== Aim of the task ==
Starting at the line that contains "Bild: Erste Hilfe", write out every line to the end of the records below exactly, and leave out the pictures.

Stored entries
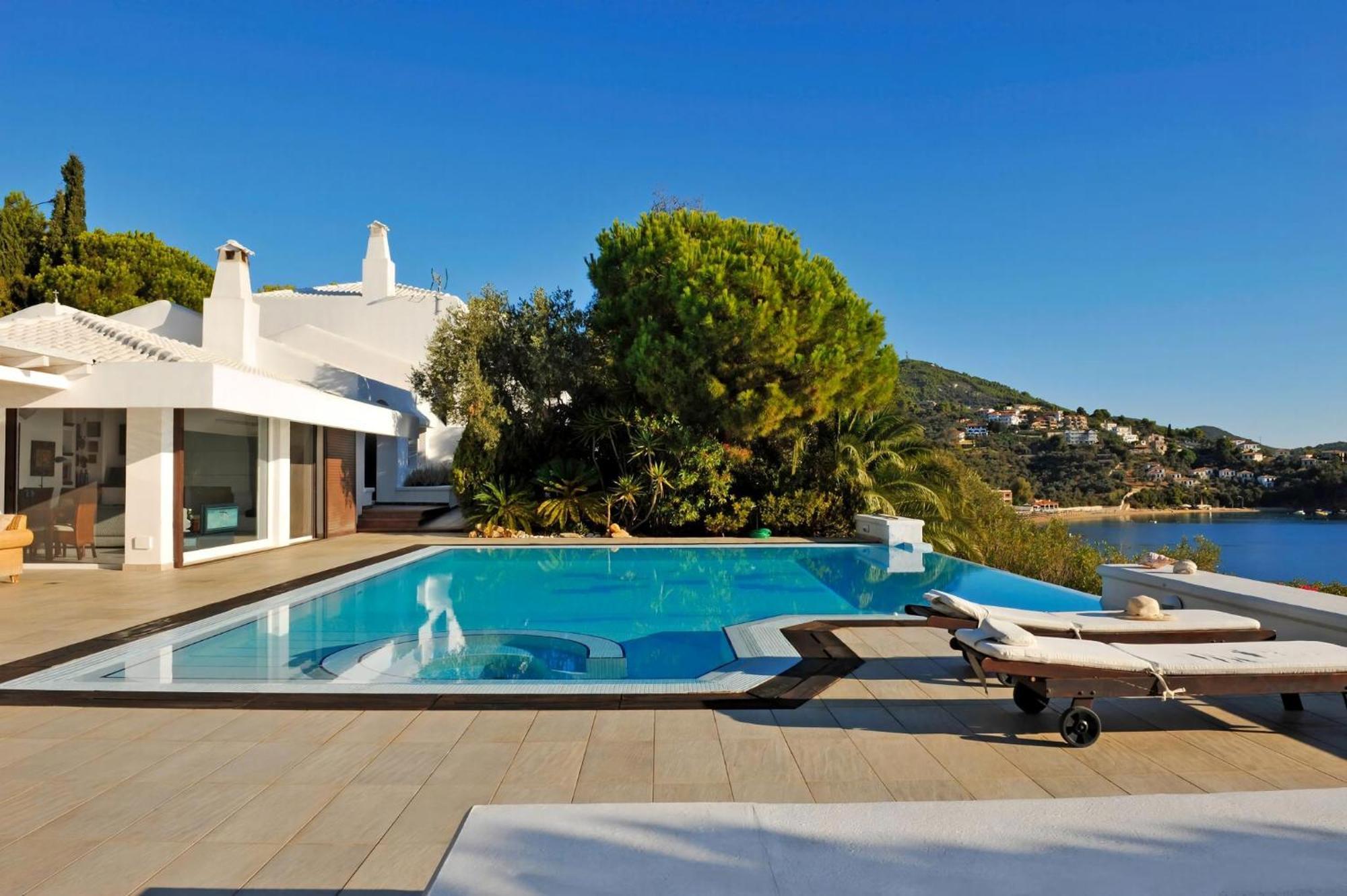 Super Luxury Skiathos Villa Seven Stunning Bedroom Suites Villa Daphne Achliades Achladies  Exterior photo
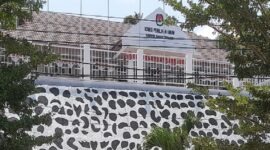 Pemda Banggai Kepulauan memenangkan sengketa lahan kantor KPU di PN Luwuk setelah majelis hakim memutuskan gugatan penggugat tidak dapat diterima. (klik indonesia)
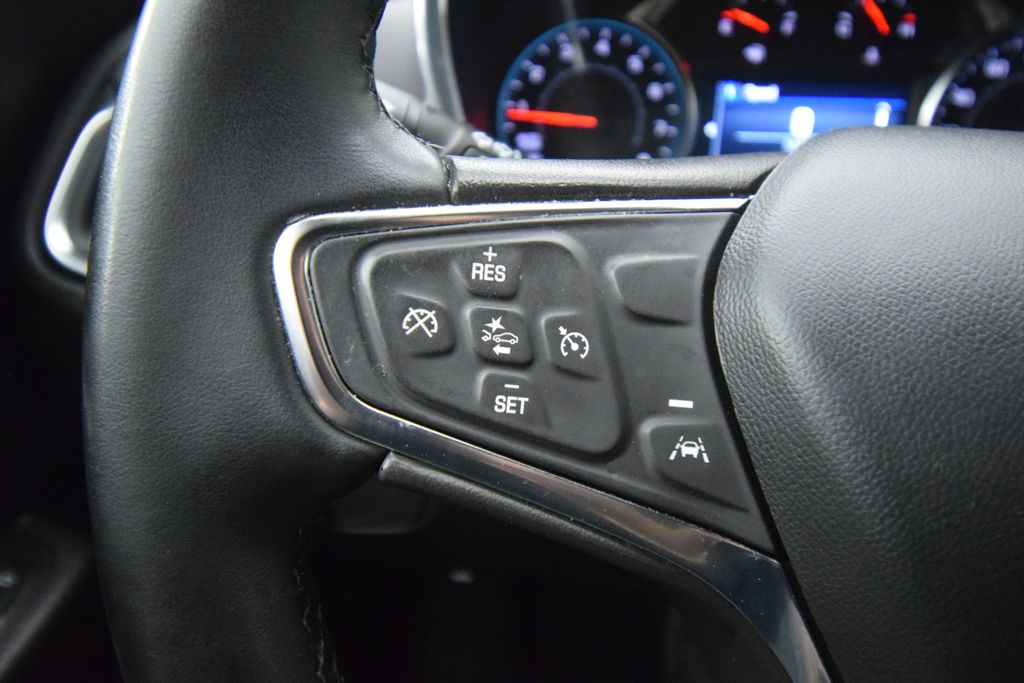 used 2024 Chevrolet Equinox car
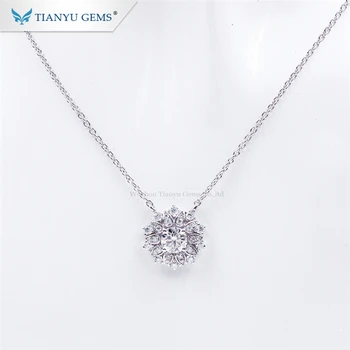 

Tianyu gems exquisite fashion style 925 silver necklace inlaid with super white moissanite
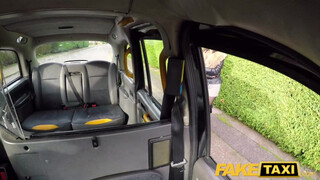 Csöcsös tini picsa segget nyal - Fake Taxi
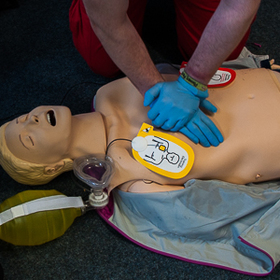 Bild: Erste Hilfe Ausbildung - Deutsches Rotes Kreuz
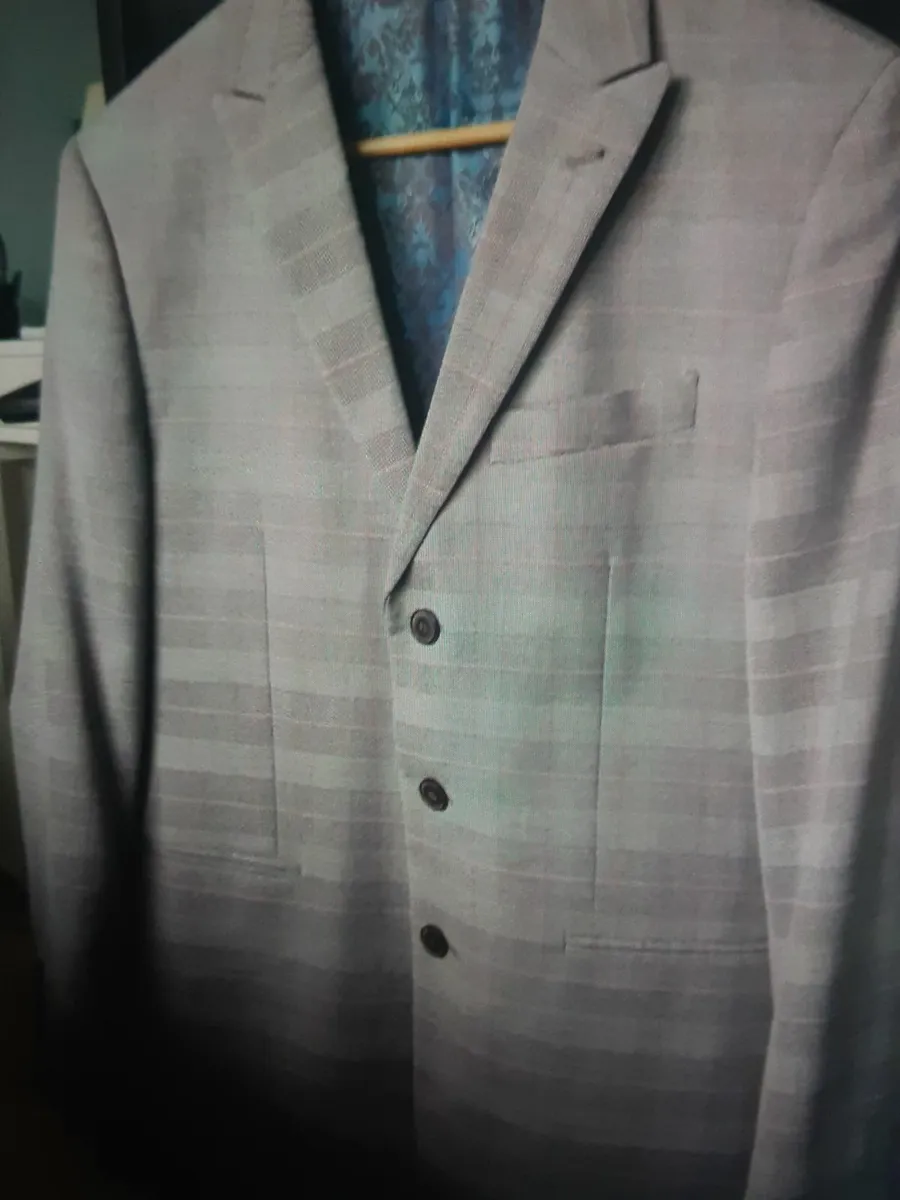 Mens suit - Image 2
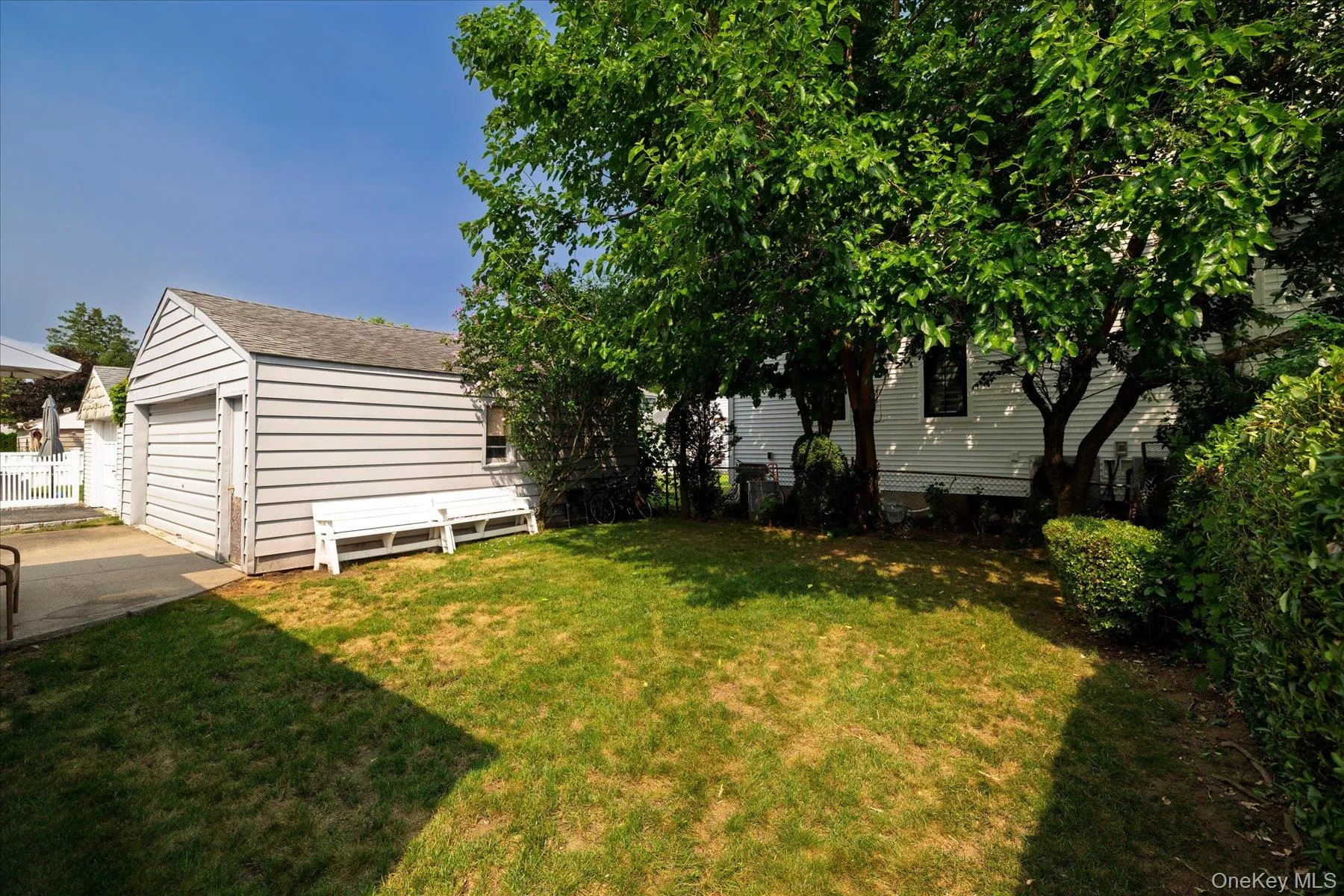 187 Raff Avenue, Hempstead, NY, 4 Bedrooms Bedrooms, 7 Rooms Rooms,1 BathroomBathrooms,Residential,For Rent,Raff,0,1025445 187 Raff Avenue, Hempstead, NY, 4 Bedrooms Bedrooms, 7 Rooms Rooms,1 BathroomBathrooms,Residential,For Rent,Raff,0,1025445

== Response area ==
 Bild: Erste Hilfe Ausbildung - Deutsches Rotes Kreuz
 Mens suit - Image 2
 187 Raff Avenue, Hempstead, NY, 4 Bedrooms Bedrooms, 7 Rooms Rooms,1 BathroomBathrooms,Residential,For Rent,Raff,0,1025445 187 Raff Avenue, Hempstead, NY, 4 Bedrooms Bedrooms, 7 Rooms Rooms,1 BathroomBathrooms,Residential,For Rent,Raff,0,1025445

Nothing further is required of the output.